_THE DATA_
>>>

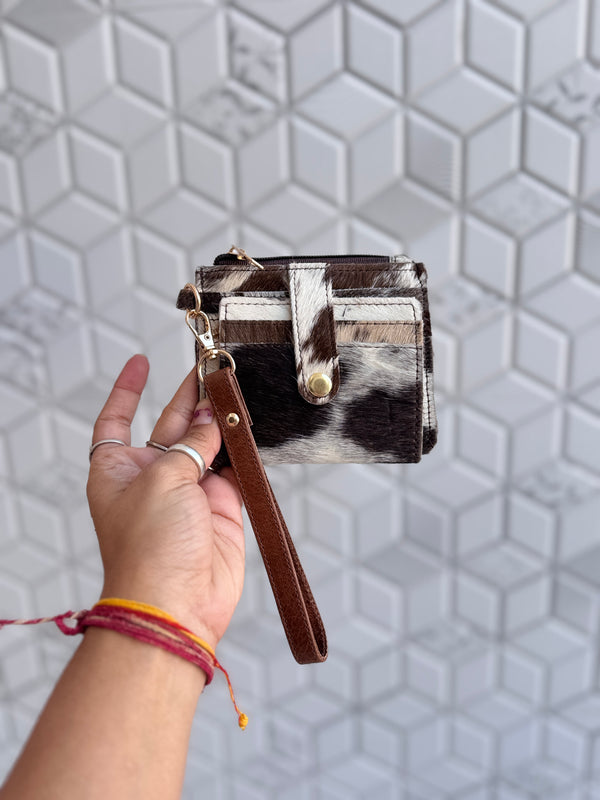 Hair on Hide Leather Coin Purse Stylish Clutch ATM Card Holder Cowhide Leather Western Style Clutch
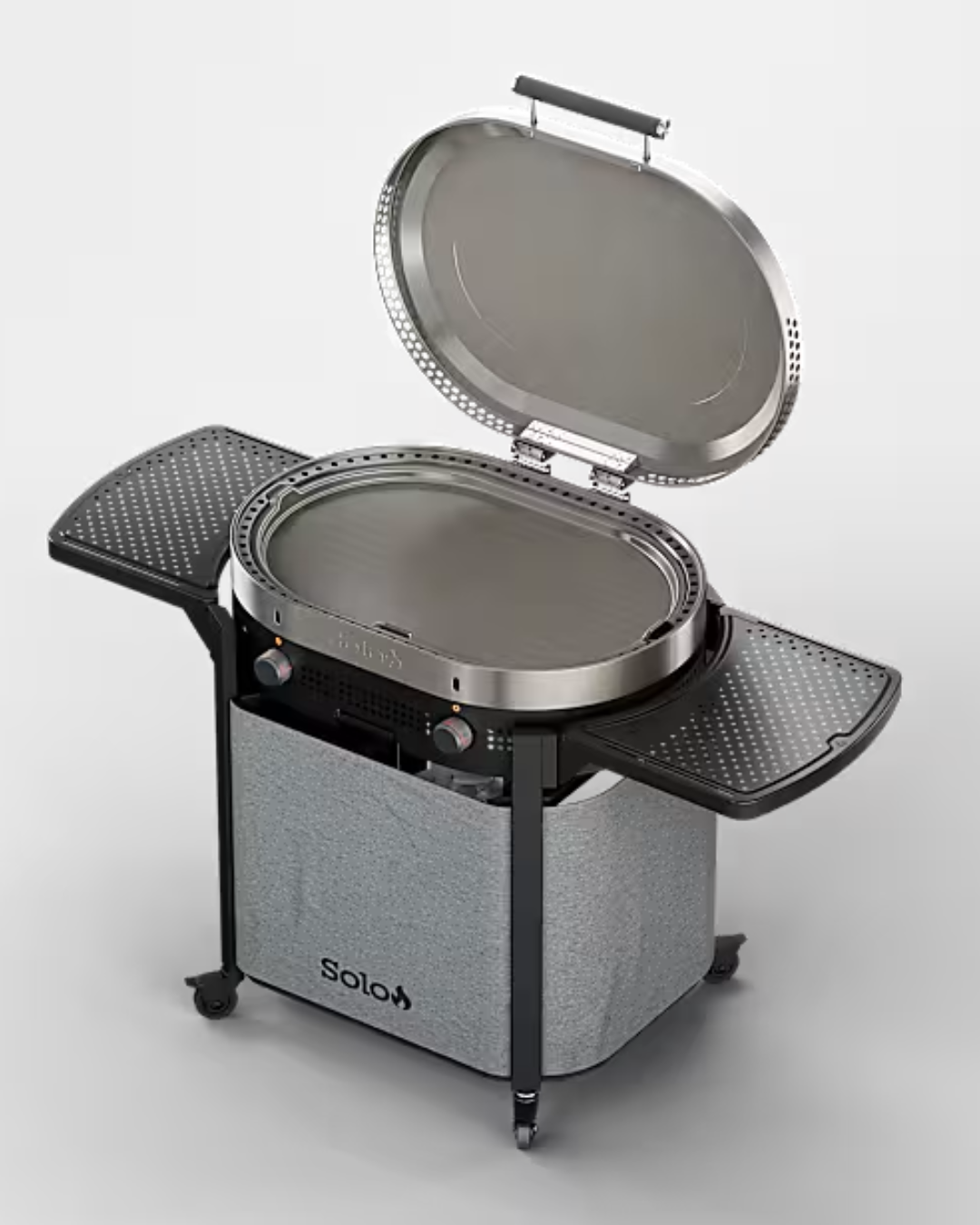 Steelfire griddle +stand hub_ Steelfire-grillen kombinerer en patentert kokeflate med ultraeffektive, patentsøkte doble Solo Racetrack-brennere.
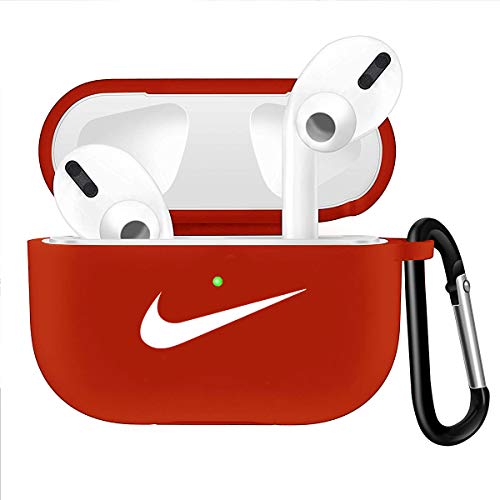 Woocon Airpods Pro case Cover,Silicone Cool Protective Cover Accessories Airpods Keychain Case Compatible with Airpods 3 (RedNo Glowing)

<<<

_PROBLEM DESCRIPTION_
Except for the pictures, the whole listing above should be transcribed exactly.

_TASK ANSWER_
 Hair on Hide Leather Coin Purse Stylish Clutch ATM Card Holder Cowhide Leather Western Style Clutch
 Steelfire griddle +stand hub_ Steelfire-grillen kombinerer en patentert kokeflate med ultraeffektive, patentsøkte doble Solo Racetrack-brennere.
 Woocon Airpods Pro case Cover,Silicone Cool Protective Cover Accessories Airpods Keychain Case Compatible with Airpods 3 (RedNo Glowing)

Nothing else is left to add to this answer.